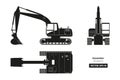 Black silhouette of excavator. Top, side and front view. Diesel digger blueprint. Hydraulic machinery image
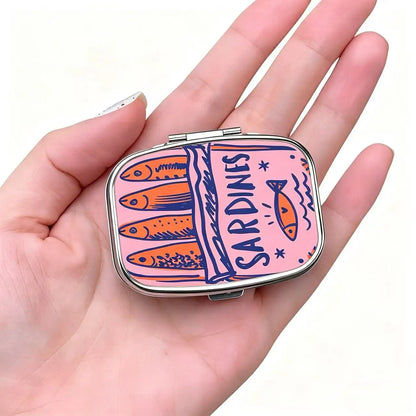 Cute Sardines Metal Pill Case - Portable 2-Compartment Mini Medicine Organizer for Pocket & Purse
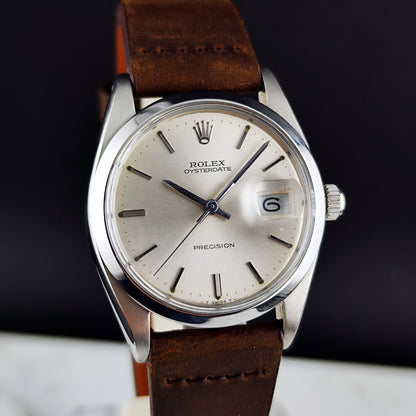 Rolex Oyster Precision Date Silver Dial 1976 Serviced 10/2026 with Box – Vorderansicht mit Zifferblatt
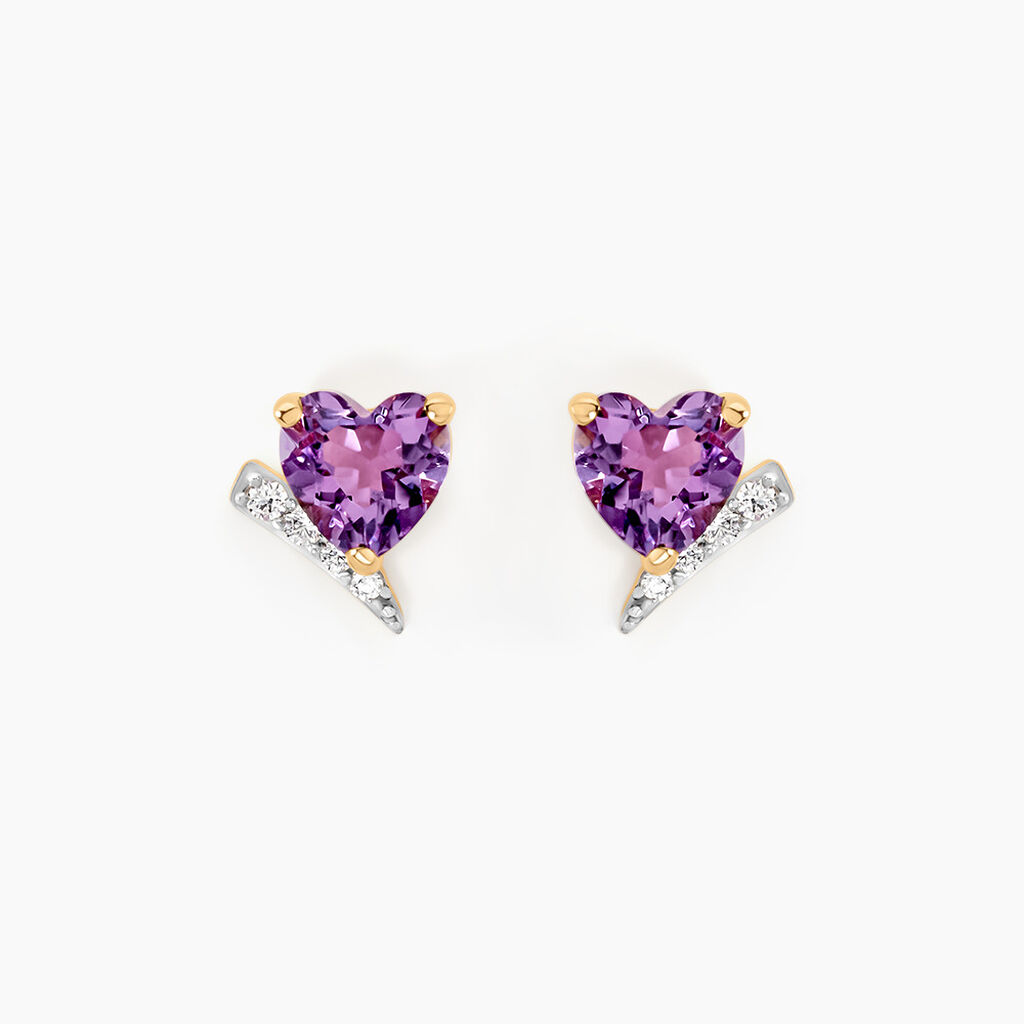 Boucles D'oreilles Puces Eva Or Jaune Amethyste Et Oxyde De Zirconium - Puces Femme | Marc Orian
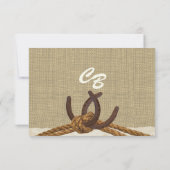 Westerne touw en Hoefijzers respons RSVP Kaartje (Achterkant)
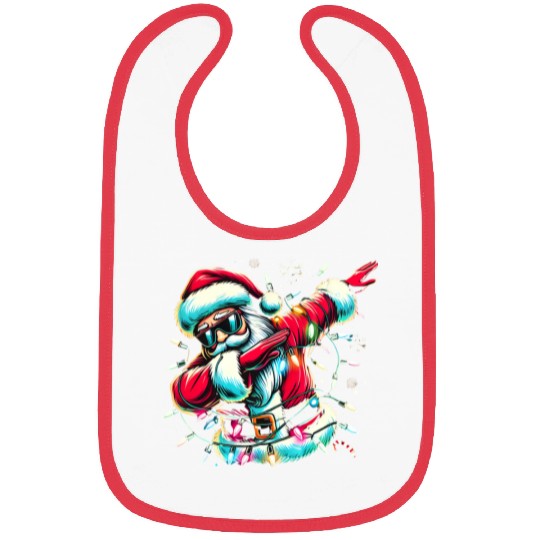 Dabbing Santa with Christmas Lights and Snowflakes Bibs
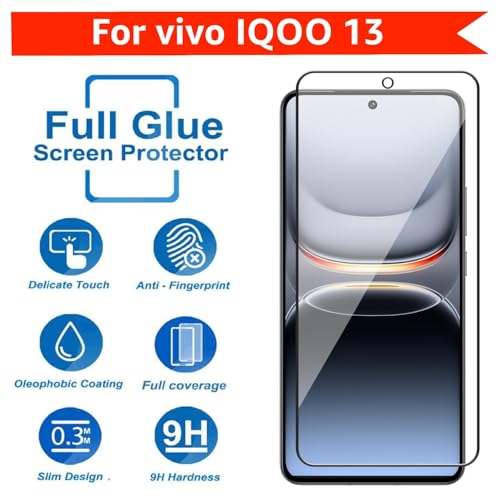 Image of SHILD HD Clear Tempered Glass Screen Protector for iQOO 13 - 9H Hardness, Ultra Clear, Scratch Resistant, Case Friendly, Easy Installation Kit (Pack of 1)
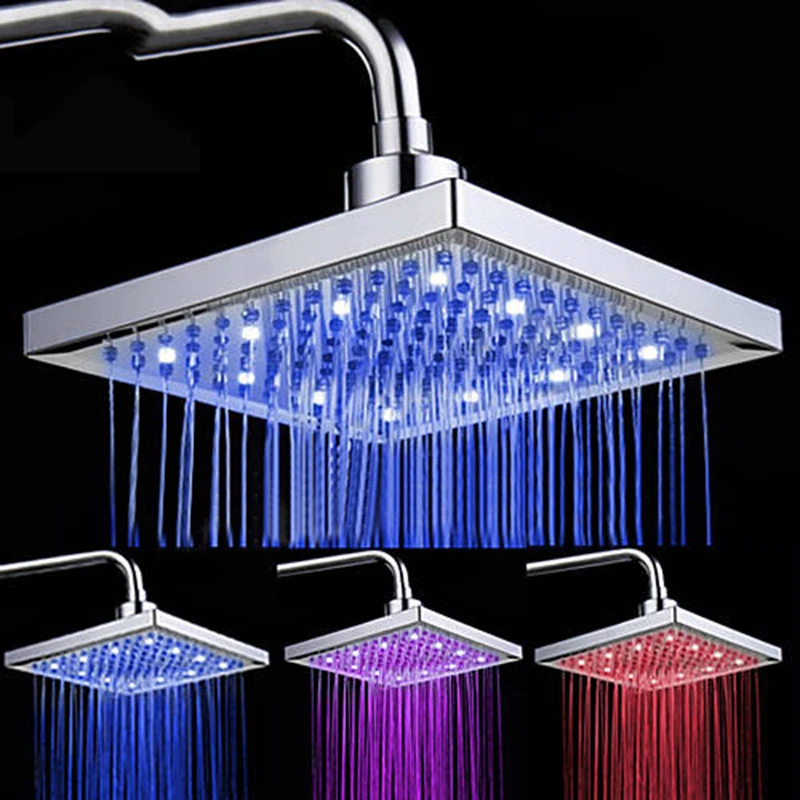 Uythner Drei LED Farbe er400 Regen Dusche Kopf 8 zoll перезаряжаемый | Обустройство дома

▸ PROBLEM STATEMENT:
Pictures are not part of the copy; retype all the other material exactly.

▸ FINISHED TASK:
 Black silhouette of excavator. Top, side and front view. Diesel digger blueprint. Hydraulic machinery image
 Cute Sardines Metal Pill Case - Portable 2-Compartment Mini Medicine Organizer for Pocket & Purse
 Rolex Oyster Precision Date Silver Dial 1976 Serviced 10/2026 with Box – Vorderansicht mit Zifferblatt
 Boucles D'oreilles Puces Eva Or Jaune Amethyste Et Oxyde De Zirconium - Puces Femme | Marc Orian
 Westerne touw en Hoefijzers respons RSVP Kaartje (Achterkant)
 Dabbing Santa with Christmas Lights and Snowflakes Bibs
 Image of SHILD HD Clear Tempered Glass Screen Protector for iQOO 13 - 9H Hardness, Ultra Clear, Scratch Resistant, Case Friendly, Easy Installation Kit (Pack of 1)
 Uythner Drei LED Farbe er400 Regen Dusche Kopf 8 zoll перезаряжаемый | Обустройство дома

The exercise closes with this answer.